Reproduce exactly, and only, the lines of the material below running from the line bearing "Hollywood writers at" through the line bearing "Portuguese Majolica Chinoiserie". Leave any pictures out.

__________________________________________________

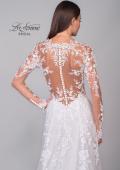 Picture of: Illusion Long Sleeve Gown with Slit and Beautiful Lace Neckline in ILII, Style: B1225, Detail Picture 10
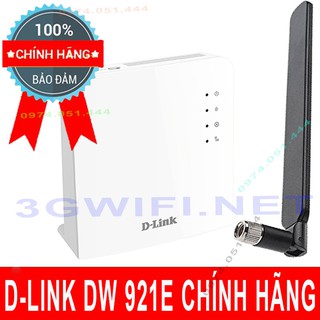 Modem Wifi 4G D-Link DWR-921E | 150Mbps | 32 user, 2 port LAN (1)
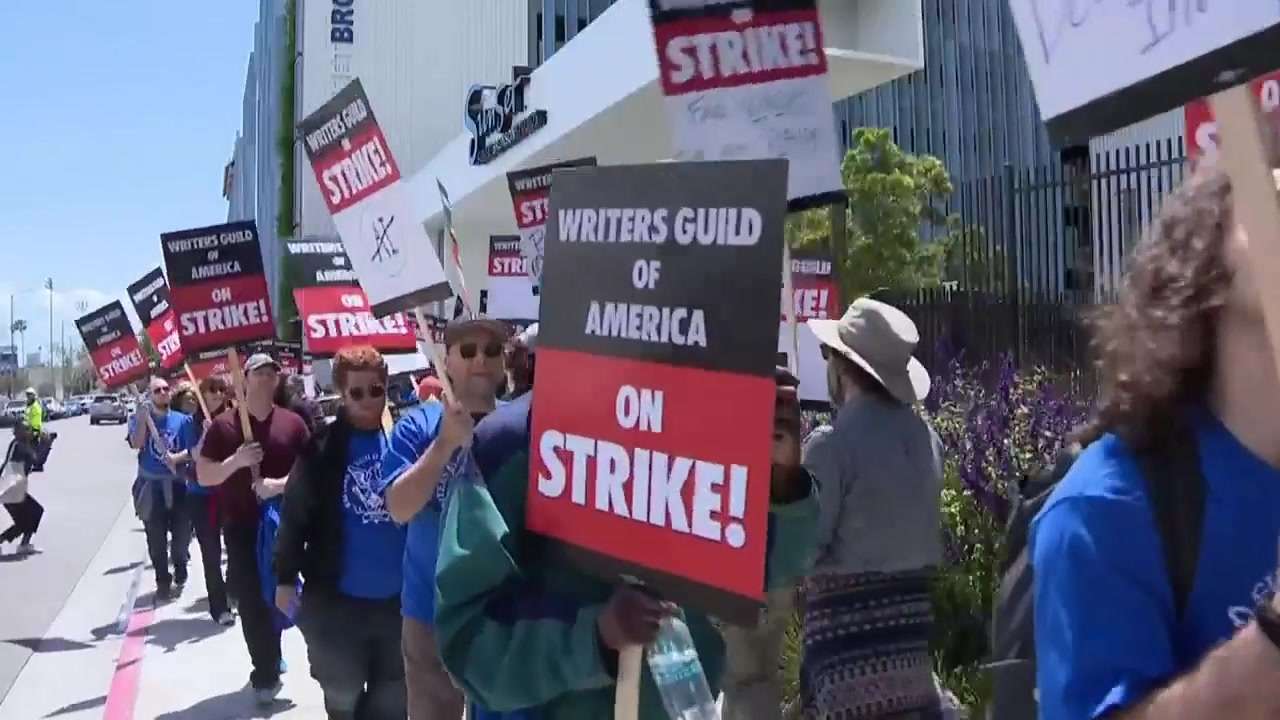 Hollywood writers at rally say they'll win as strike reaches 50 days - Boston News, Weather, Sports - Vimarsana News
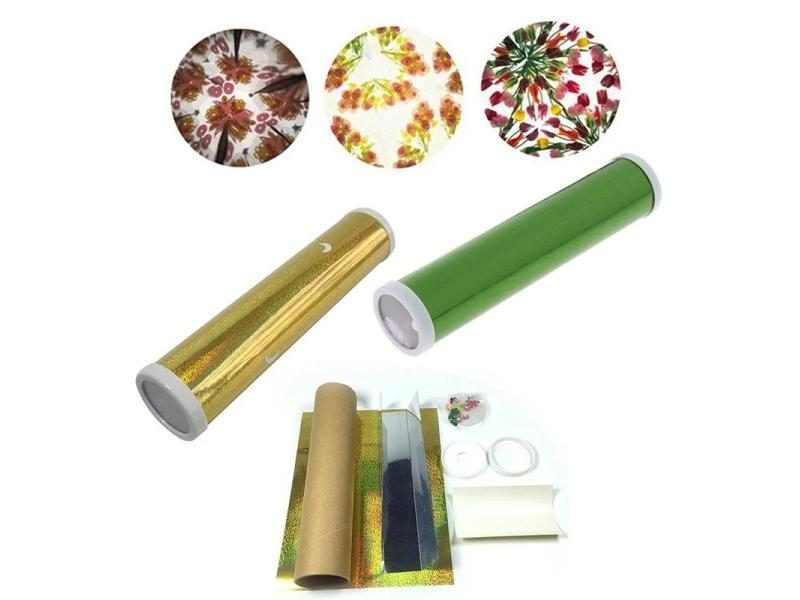DIY Colored Rotating Kaleidoscope Kits Science Experiment Educational Craft Kid Carousel 1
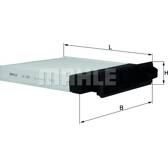 Filtre habitacle KNECHT - LA 230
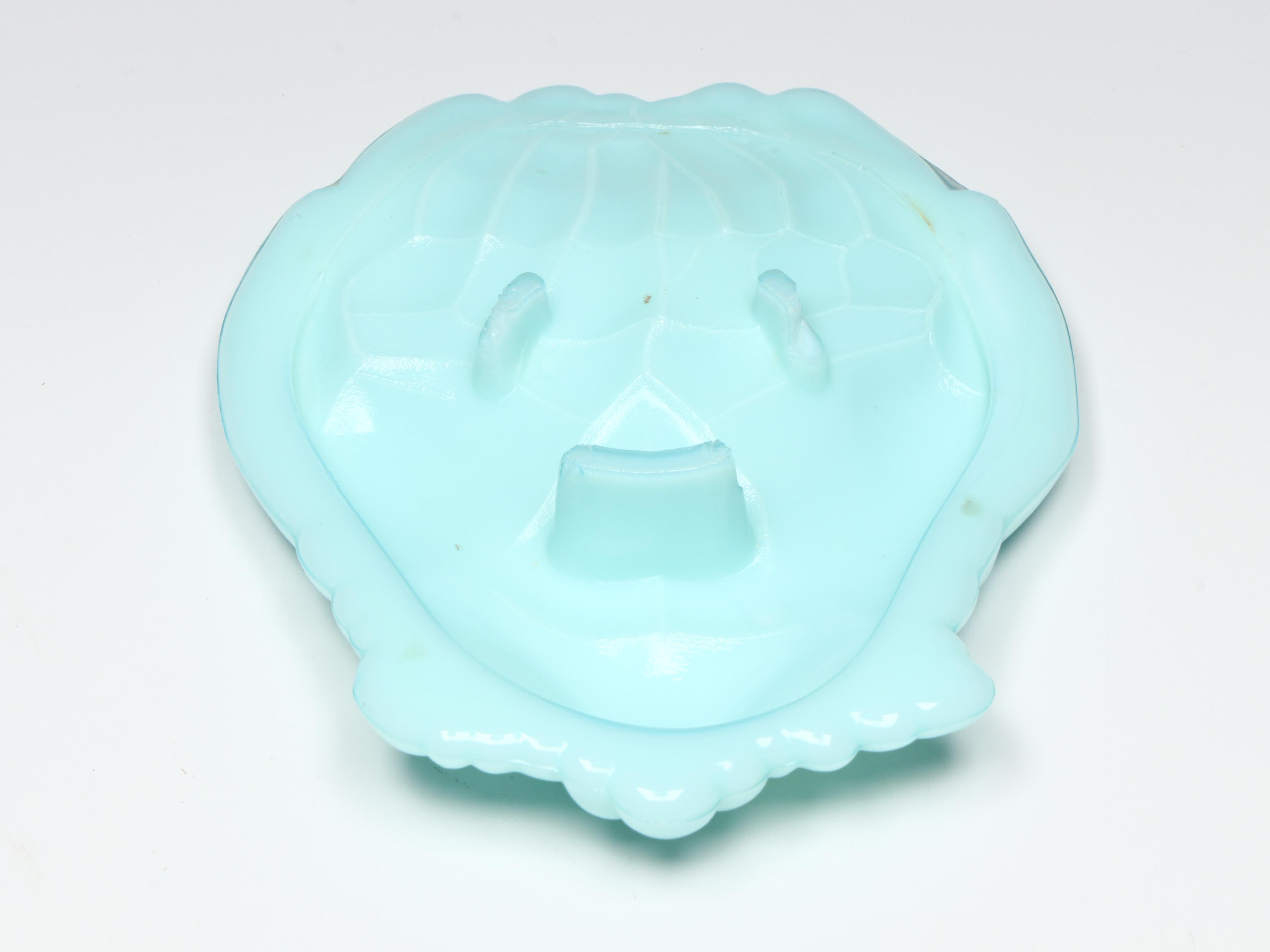 Portuguese Majolica Chinoiserie Ginger Jar with Fenton and Other Glass Decor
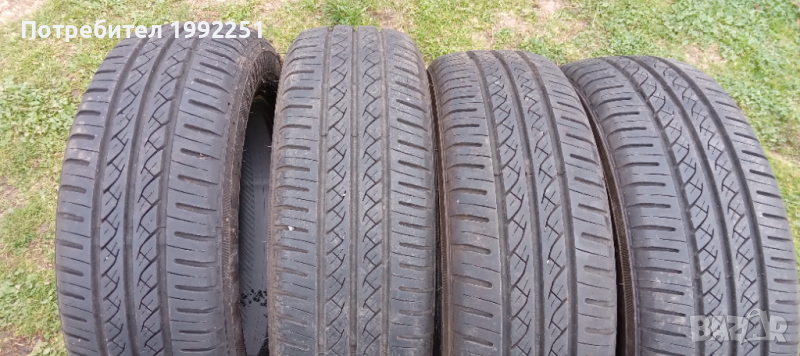 4бр летни гуми 165/65R14. Yokohama A.Drive. DOT1011. 6.5mm дълбочина на шарката. Цената е за 4бр. Вн, снимка 1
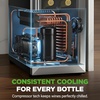 image:imageNutrichef 12 Bottle Stainless Steel Slim Wine Fridge  Red amp White Wine Chiller  Adjustable Temperature Control Ultra Quiet Operation amp Energy Efficient  Mini Wine Cooler Refrigerator  31x10x17 INStainless Steel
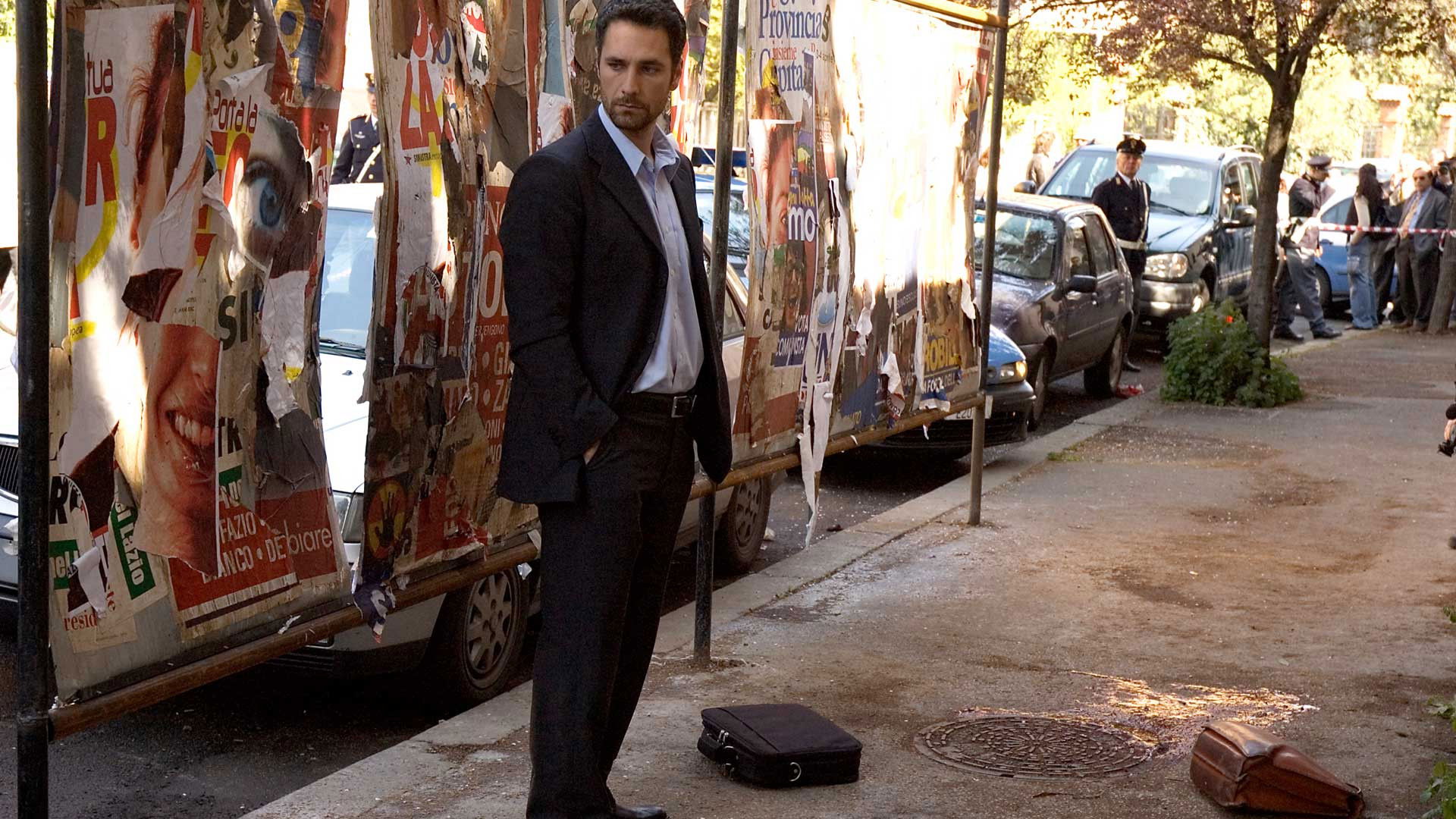 Backdrop for Political Target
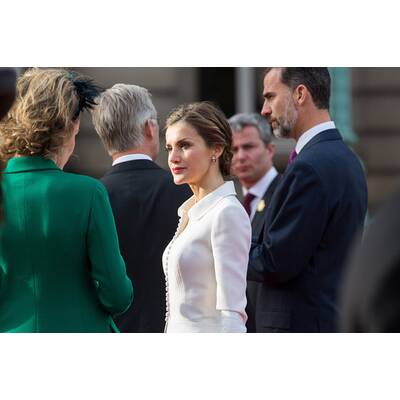 Königin Letizia zu Besuch bei Königin Mathilde in Belgien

__________________________________________________

§ **Task answer**:
 Hollywood writers at rally say they'll win as strike reaches 50 days - Boston News, Weather, Sports - Vimarsana News
DIY Colored Rotating Kaleidoscope Kits Science Experiment Educational Craft Kid Carousel 1
 Filtre habitacle KNECHT - LA 230
 Portuguese Majolica Chinoiserie Ginger Jar with Fenton and Other Glass Decor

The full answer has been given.